A este pueblo risueño arrullado por el lago y sus paisajes llegó un día, tras sobrevivir a un naufragio, el fraile español Diego de Lozada. Su visita fugaz dejó a la comunidad la impronta de la fe mariana, simbolizada en la imagen de una Virgen que –según la leyenda- se apareció en un tegal o casa de piedra, y plasmó sus huellas en una piedra blanca…
Desde aquel día, cuya fecha ha olvidado la memoria, la Virgen del Carmelo desplazó a la diosa Chalchitlicue y presidió la vida del poblado, envuelta en una devoción y fama que han trascendido el ámbito regional.
Durante una erupción del volcán Titépetl, cuando la ceniza oscureció los días y gigantescas piedras volaron por los aires, la gente se encomendó a la Señora del Carmelo. Los daños provocados por el fenómeno telúrico fueron leves, entonces la imagen fue llamada también la Virgen del Volcán…
A este primigenio asentamiento, al que denominaron San Miguel de Acatemaco, llegaron migrantes de otros poblados… de Medellín, de Alvarado y Tlacotalpan. Era gente conocedora de los secretos de las corrientes y los vientos; hábil en el manejo de redes y piraguas, aprendido en las turbulentas aguas del rio Papaloapan y en mar abierto .Aquí se quedaron, fundaron familias y el pueblo los hizo suyos. Y son nuestros ancestros.
Al correr del tiempo, el poblado fue formando su traza acorde a la accidentada topografía…Anchas calles, estrechos caminos y callejones, rectos algunos, quebrados otros.

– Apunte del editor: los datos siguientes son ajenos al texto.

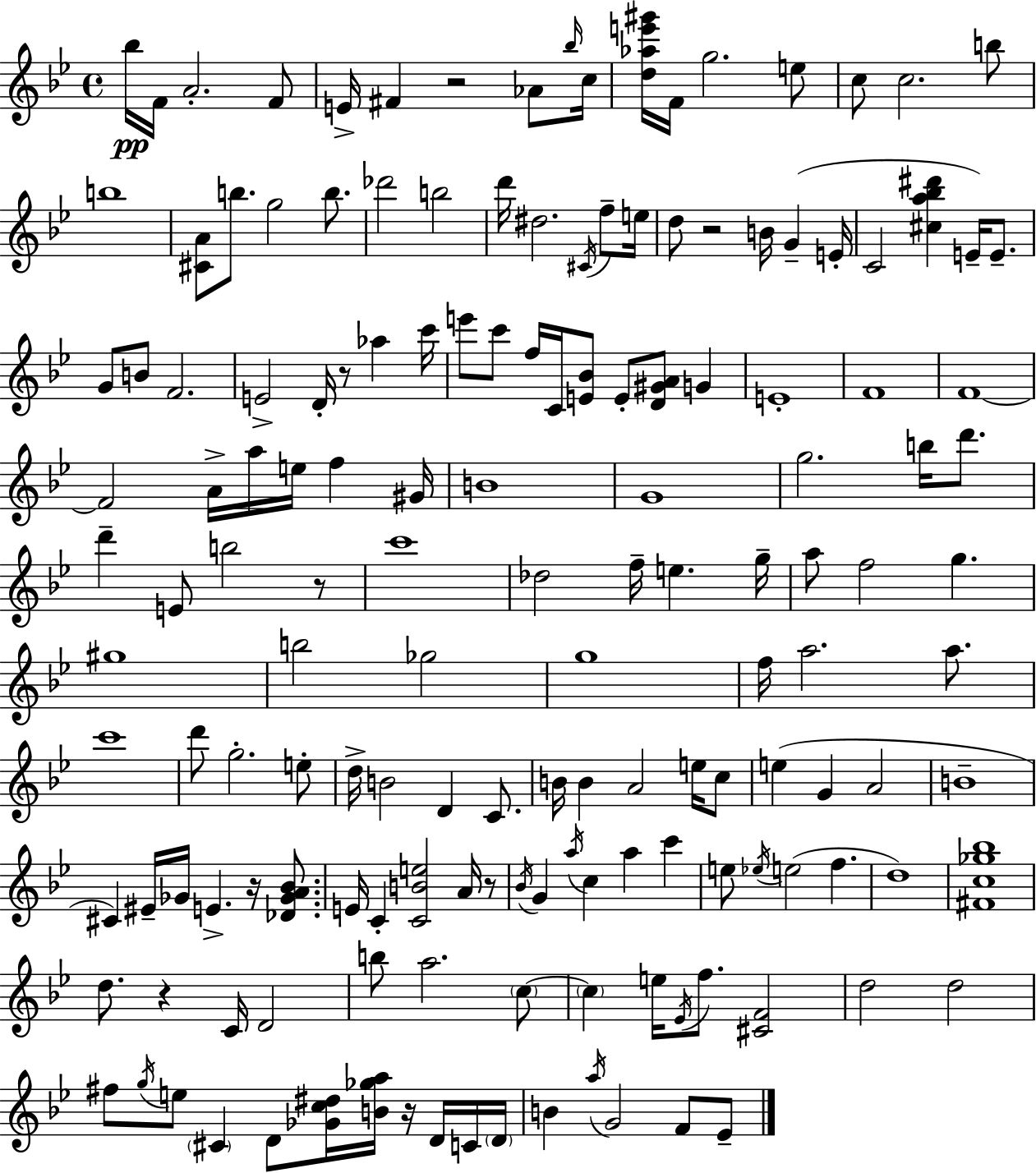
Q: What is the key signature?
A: BES major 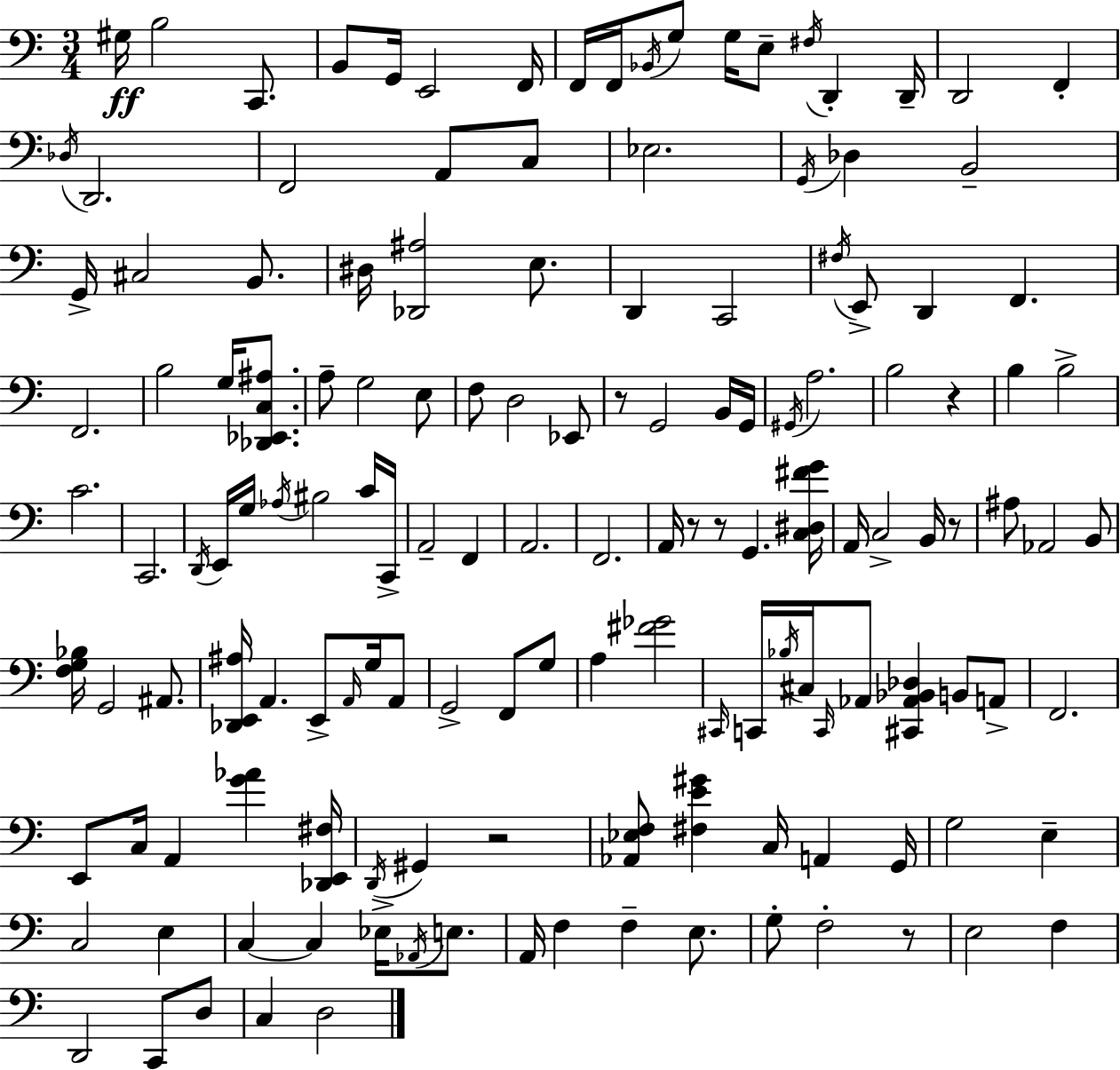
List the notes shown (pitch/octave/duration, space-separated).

G#3/s B3/h C2/e. B2/e G2/s E2/h F2/s F2/s F2/s Bb2/s G3/e G3/s E3/e F#3/s D2/q D2/s D2/h F2/q Db3/s D2/h. F2/h A2/e C3/e Eb3/h. G2/s Db3/q B2/h G2/s C#3/h B2/e. D#3/s [Db2,A#3]/h E3/e. D2/q C2/h F#3/s E2/e D2/q F2/q. F2/h. B3/h G3/s [Db2,Eb2,C3,A#3]/e. A3/e G3/h E3/e F3/e D3/h Eb2/e R/e G2/h B2/s G2/s G#2/s A3/h. B3/h R/q B3/q B3/h C4/h. C2/h. D2/s E2/s G3/s Ab3/s BIS3/h C4/s C2/s A2/h F2/q A2/h. F2/h. A2/s R/e R/e G2/q. [C3,D#3,F#4,G4]/s A2/s C3/h B2/s R/e A#3/e Ab2/h B2/e [F3,G3,Bb3]/s G2/h A#2/e. [Db2,E2,A#3]/s A2/q. E2/e A2/s G3/s A2/e G2/h F2/e G3/e A3/q [F#4,Gb4]/h C#2/s C2/s Bb3/s C#3/s C2/s Ab2/e [C#2,Ab2,Bb2,Db3]/q B2/e A2/e F2/h. E2/e C3/s A2/q [G4,Ab4]/q [Db2,E2,F#3]/s D2/s G#2/q R/h [Ab2,Eb3,F3]/e [F#3,E4,G#4]/q C3/s A2/q G2/s G3/h E3/q C3/h E3/q C3/q C3/q Eb3/s Ab2/s E3/e. A2/s F3/q F3/q E3/e. G3/e F3/h R/e E3/h F3/q D2/h C2/e D3/e C3/q D3/h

La ermita de la Virgen, primero de cañas y palmas; después con muros de mampostería y techumbre de tejas…y al lado una minúscula torrecilla.
Las casas, de caña y zacate, de madera con techos de roja teja, muy escasas de calicanto…Y no faltaba el alero o corredor como extensión de hogar y protección contra las inclemencias del tiempo…Paisaje urbano que ya marcaba la característica sotaventina, identificadora de nuestros pueblos…
En las extensas y limpias playas, los pescadores calafateaban las piraguas y cayucos y esperaban el momento de hacerse lago adentro, donde el lance certero colmaría atarrayas y chinchorros de variados especímenes, que al correr del tiempo serían representativos de la gastronomía local…
Sobre el oscuro ocre de la tierra, en los valles y vegas resaltaba el verdor de los sembrados de caña de azúcar, frijol. Maíz y tabaco. Desde su trono, la Virgen del Carmen, al fin patrona del poblado, lo presidía todo y era dueña era de vidas y haciendas…
Y en tardes sabatinas. Por callejuelas y playones, alguna jarana desgranaría, con las notas de un elemental son, la herencia andaluza que llegó vía Tlacotalpan, Alvarado o Medellín a zapatear fuerte sobre la tarima, al calor del rasposo fajo de aguardiente o de afrutados toritos.
Era un pueblo de acuarela, fresco y transparente, reflejado en el cristal de su lago zafirino que a lo largo de su ribera regalaba la fresca sombra de majestuosos árboles y la dulzura de los frutos…
Y en derredor, la muralla verde de los cerros de Excuinapan, de Tío Luz, el Puntiagudo, el Gavilán, el enigmático Mono Blanco…y más allá el imponente y temido verde azul Titépetl o San Martín…
Así, el risueño Catemaco, pueblito de pescadores y campesinos fue modelando su pintoresca estampa y su idiosincrasia sotaventina.